Holly frowns. Is this what he thinks of her? That she’s the kind of girl who’d pass up dessert in a foreign country so that her bathing suit will fit when she gets back home? After thinking about it for a second, she takes another huge bite. “Nope,” she says. “I’m not worried. Life is too short not to eat dessert.”

River waves the waffle away when she holds it out to offer him a bite. “I’m chewing gum,” he says, pointing at his mouth. “And I’m thinking ahead to that film in Dublin. The camera adds ten pounds, so I don’t want to put on any extra padding.” He pats his flat stomach as they walk.

His eyes focus on a spot in the distance as they walk, and Holly knows he’s envisioning that the final ‘yes’ of their trip will be to a film shoot in Ireland. Rather than discuss it, she changes the subject.
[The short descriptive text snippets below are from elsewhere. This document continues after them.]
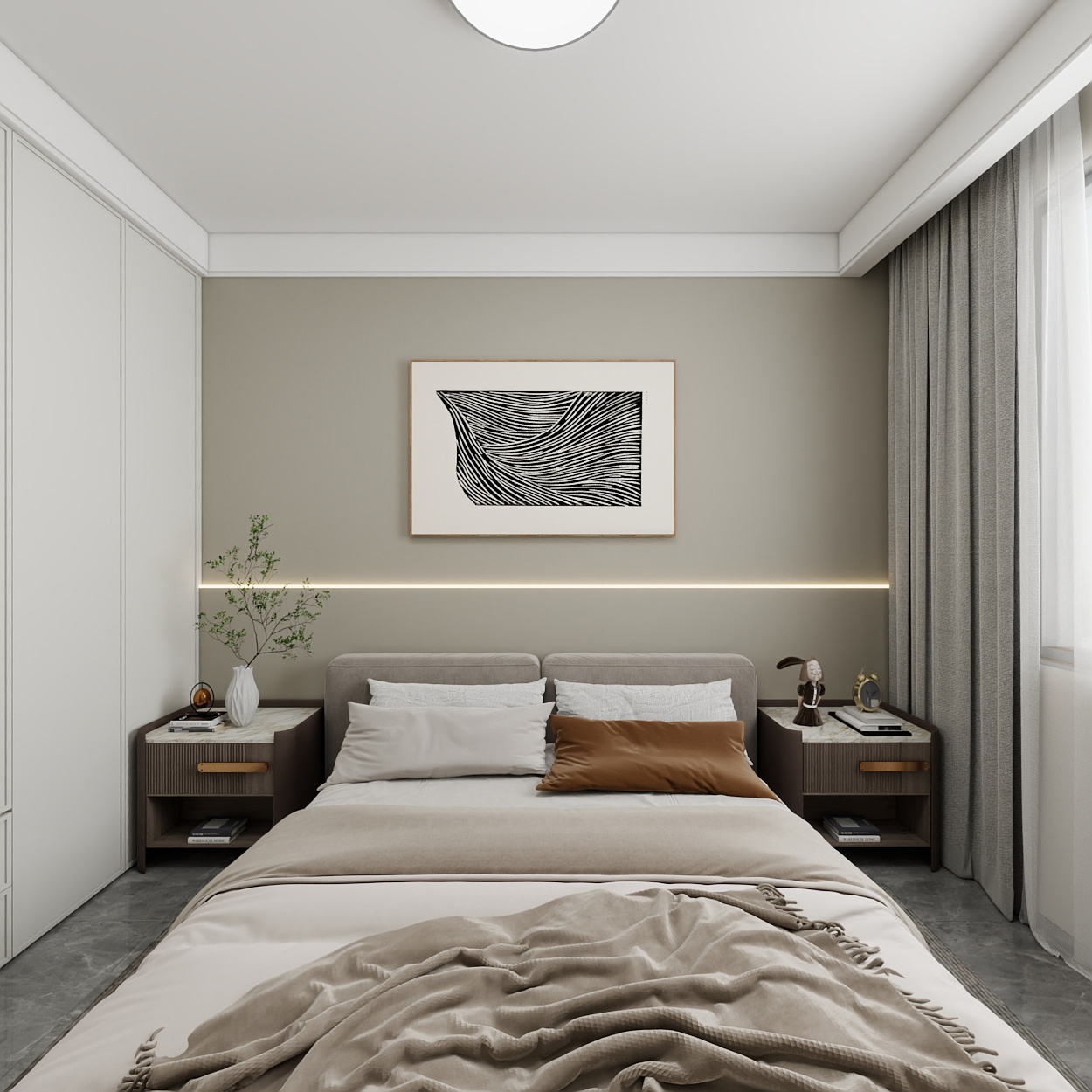 艺雅丽-160平后现代 一层卧室1装修效果图第3张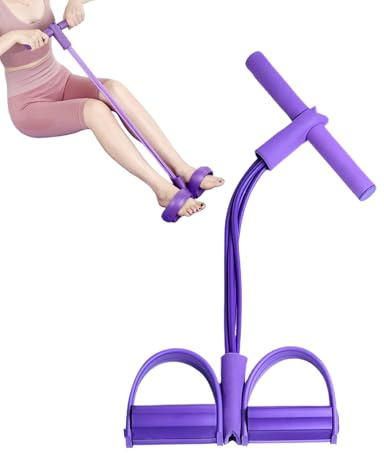 Fitness Resistance Bands, Entrenador Abdominal, Equipo de Entrenamiento de Abdominales, expansor de Cuerpo Completo para el hogar, 4 Tubos, Cuerda elástica de tracción multifunción, Púrpura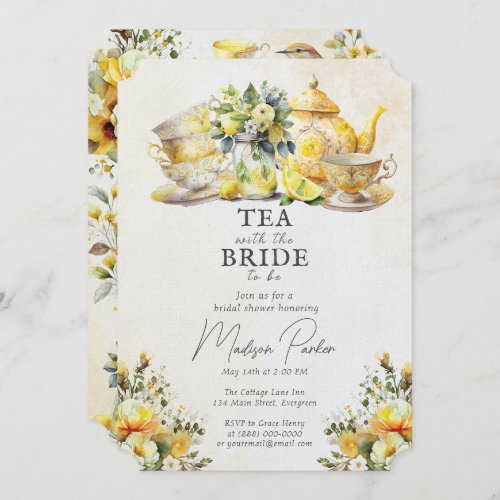 Bridal Shower Tea Party Vintage Invitation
“We’ve also got the van Gogh museum to see, and we can do a boat tour of the canals,” Holly says, pulling the tourist map from the back pocket of her jeans and thrusting it at River.

The sun is out and most of the people around them are wearing lightweight dresses and short-sleeved shirts, but the sixty-degree weather feels chilly to Holly’s tropical blood, and she’s got a thick sweatshirt on over her t-shirt. River examines the map as they walk, and—feeling self-conscious about the waffle, though it makes her angry that she’s even giving it a second thought—Holly tosses the remainder of her snack into a trash can and brushes the sprinkles from her hands.

“We could go to the top of that building there and check out the view of the city,” River says. “There’s a swing that goes over the edge of the building so it feels like you’re floating over Amsterdam—it’s the tallest swing in Europe.”

“Nope,” Holly says immediately and without consideration. “No, no, no. And a great big hell no.”

River laughs. “Are you kidding me? This is a once in a lifetime experience. And, may I remind you, the answer to anything on this trip is what?”

Holly inhales and exhales once, standing at the mouth of the ferry as they look up at the A’dam Lookout building to the north. “The answer to everything on this trip is yes,” she says in a flat tone. “Except dessert. The answer to that is apparently no.” She can’t resist adding this last part, though she says it in a half-mumble.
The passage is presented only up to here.